Da fonte ao consumidor
Edberto Ticianeli
Durante muitos anos de sua vida meu pai foi membro ativo do clube dos amigos da farra. Parou de beber e fumar no final dos anos 50, quando casado e pai de dois filhos estava de volta à Pão de Açúcar em Alagoas.
Parou de forma radical. Nunca mais ingeriu bebida alcoólica ou acendeu um cigarro. Mas antes dessa tomada de consciência, aprontou muitas por esse Brasil afora motivado pelo álcool.
No início dos anos 40, em plena Segunda Guerra Mundial, Gilberto tinha um bar bem próximo ao Porto de Santos, São Paulo. O empreendimento estava dando certo, para surpresa dele e dos amigos, pois contrariava a máxima que recomenda não entregar às raposas os cuidados com o galinheiro.
Com o início dos ataques aos navios brasileiros por parte dos submarinos alemães, foi determinado o blecaute nas cidades portuárias e o bar fechou as portas.

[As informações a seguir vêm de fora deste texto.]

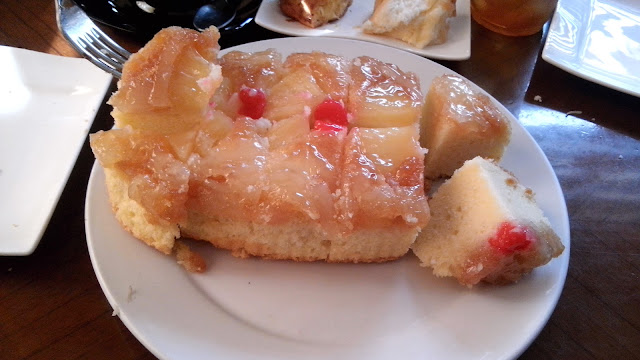 tinapayan festival Pineapple upside down cake, 132.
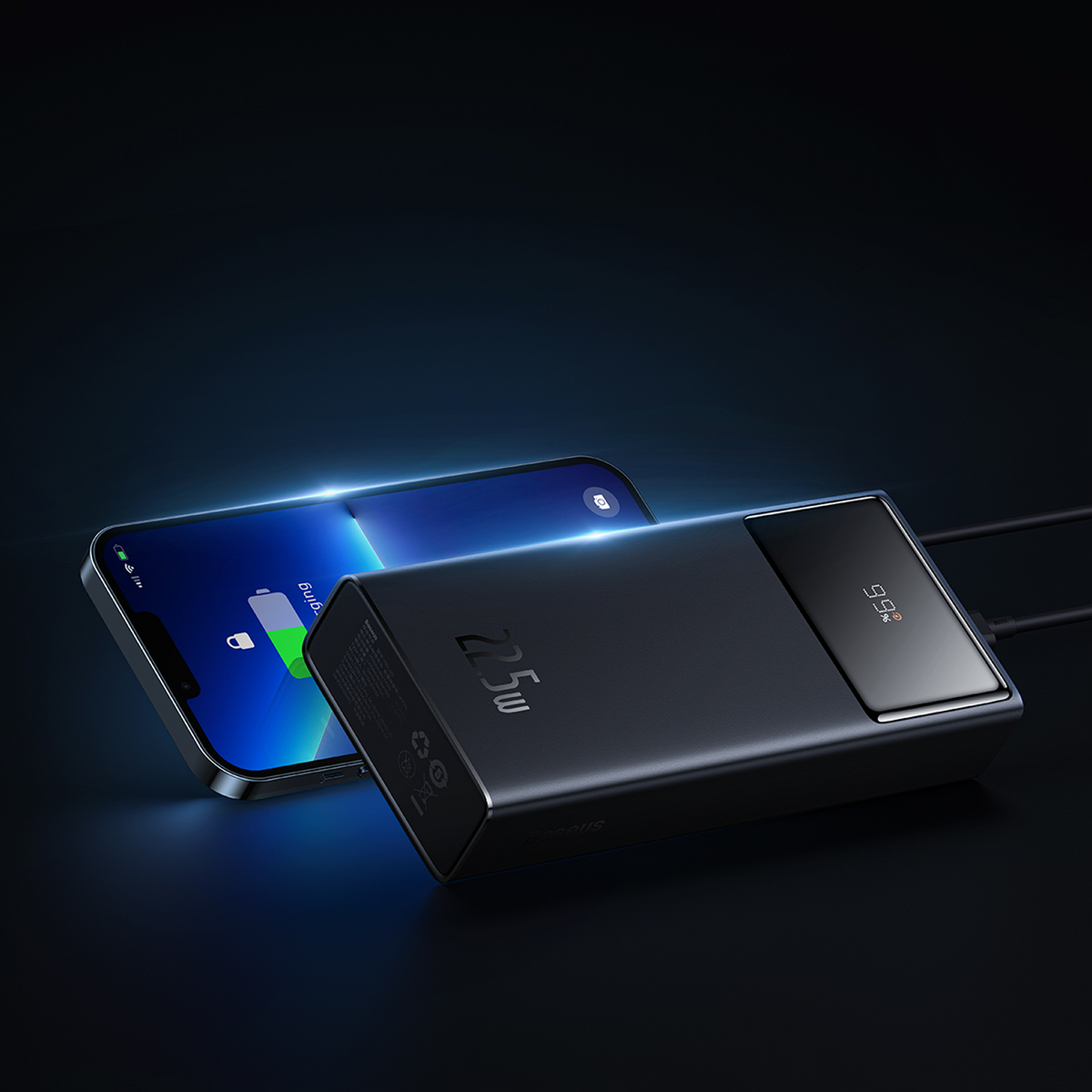 Un power bank nero carica un telefono. Lo schermo del telefono mostra un'icona di ricarica. Il power bank ha un display con percentuale.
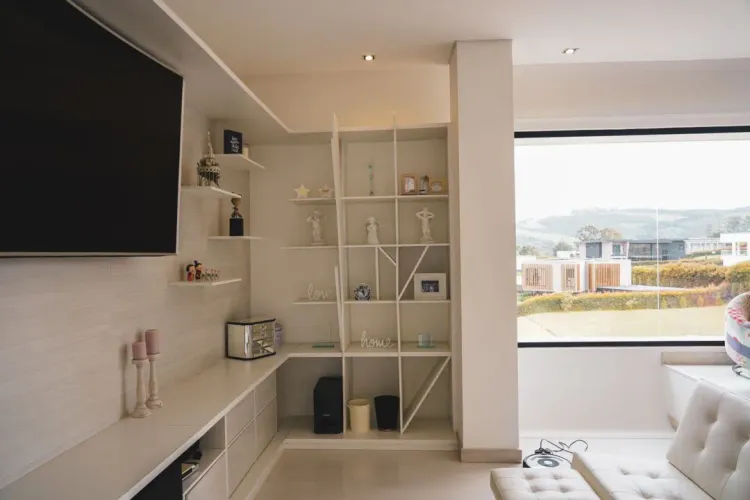 Casa de 6 alcobas en venta en Loma Del Esmeraldal, Envigado · foto 9 de 17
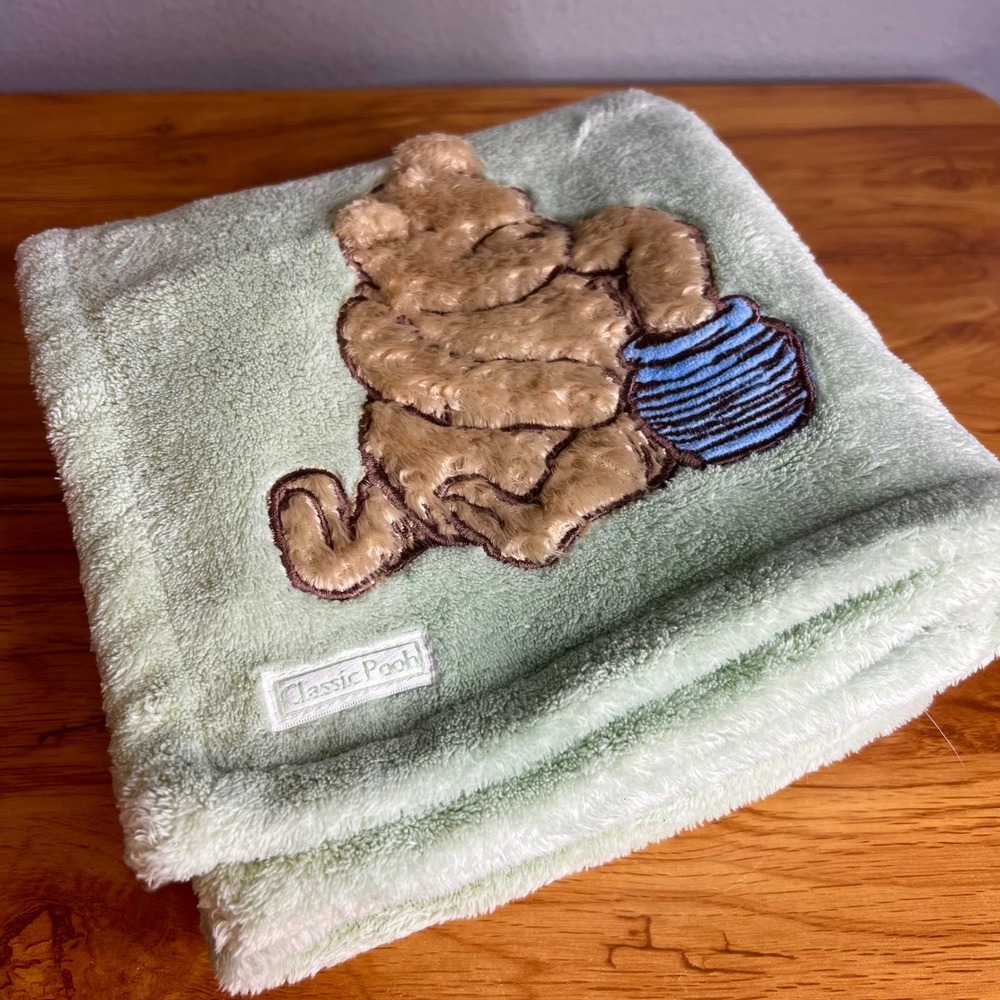 Disney Classic Pooh Baby Blanket Plush Green Winnie the Pooh Honey Pot Fleece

Dois anos depois, quando morava no Rio de Janeiro com uma irmã, entrou numa farra e ao amanhecer do dia, já embriagado, caminhava com os amigos conversando sobre a guerra e a necessidade de todos se colocarem à disposição da Força Expedicionária Brasileira, que naquele período estava sendo estruturada.
— Se precisar de mim, estarei pronto para embarcar hoje. É preciso vingar os brasileiros assassinados pelos nazistas com o afundamento dos nossos navios! — bravateava Gilberto, mal conseguindo ficar de pé.
Estavam chegando à Praça Onze quando um dos boêmios viu uma enorme fila diante de um antigo prédio.
— Pronto, Gilberto! Você agora vai poder participar da guerra. Essa fila é para a inscrição de voluntários. Quero ver agora se você é mesmo um homem disposto!
No mesmo momento meu pai entrou na fila e abandonou o grupo. Lá permaneceu até 8 horas da manhã, quando o atendimento começou. Com o efeito do álcool se dissipando, Gilberto dava alguns passos, parava, refletia, cada vez mais sóbrio, sobre a decisão de ir para guerra.
Andou um pouco mais, saiu da fila e disse para os que ficaram:
— Meus senhores, lamento não poder ir para a guerra com vocês, mas desejo que derrotem os alemães e voltem com vida.
Espantadas, as pessoas olharam para ele e um magrinho resolveu esclarecer:
— Meu senhor, essa fila é dos que querem emprego na construtora que participa das obras da Avenida Presidente Vargas.
Não foi para a guerra, mas resolveu percorrer o país trabalhando nas mais diversas profissões. Não se fixando em lugar algum.
No início dos anos 50 estava de volta à São Paulo, onde conseguiu com um amigo emprego na Companhia Antarctica Paulista, sendo alocado no almoxarifado da fábrica da Mooca.
A provocação era grande para um boêmio. Comentava com os amigos de farra que trabalhava a poucos metros de milhares de litros de cerveja e não podia tomar um copo dela.
Essa verdadeira “tortura” o levou a colocar toda sua inventividade em funcionamento para encontrar uma forma de participar dos “lucros” da empresa sem ser acionista. E encontrou um jeito.
Num domingo pela manhã, convidou alguns amigos mais próximos e os levou, já devidamente munidos de copos e petiscos, para próximo de uma das portas laterais da fábrica, de onde, utilizando um arame, puxou para fora uma mangueira dobrada na ponta.
A origem da cerveja ele nunca detalhou quando contava esse caso, mas imagino que deve ter usado algum recipiente onde despejou vários litros da bebida e o aproximou desta lateral não utilizada para acesso à empresa.
O importante é destacar que assim começou uma das suas maiores farras em São Paulo.
Era só desdobrar um pouco a mangueira que a cerveja fluía aos litros para satisfação do grupo, que não tardou a ser ampliado por dezenas de outros boêmios, atraídos que foram por aquele barulhento festival de cerveja, que tinha como fonte Antarctica e saía direto para o consumidor, sem intermediários.
O resultado desse ato inconsequente, além da tremenda ressaca, foi a demissão por justa causa do alagoano responsável pelo almoxarifado, devidamente registrada na sua carteira de trabalho.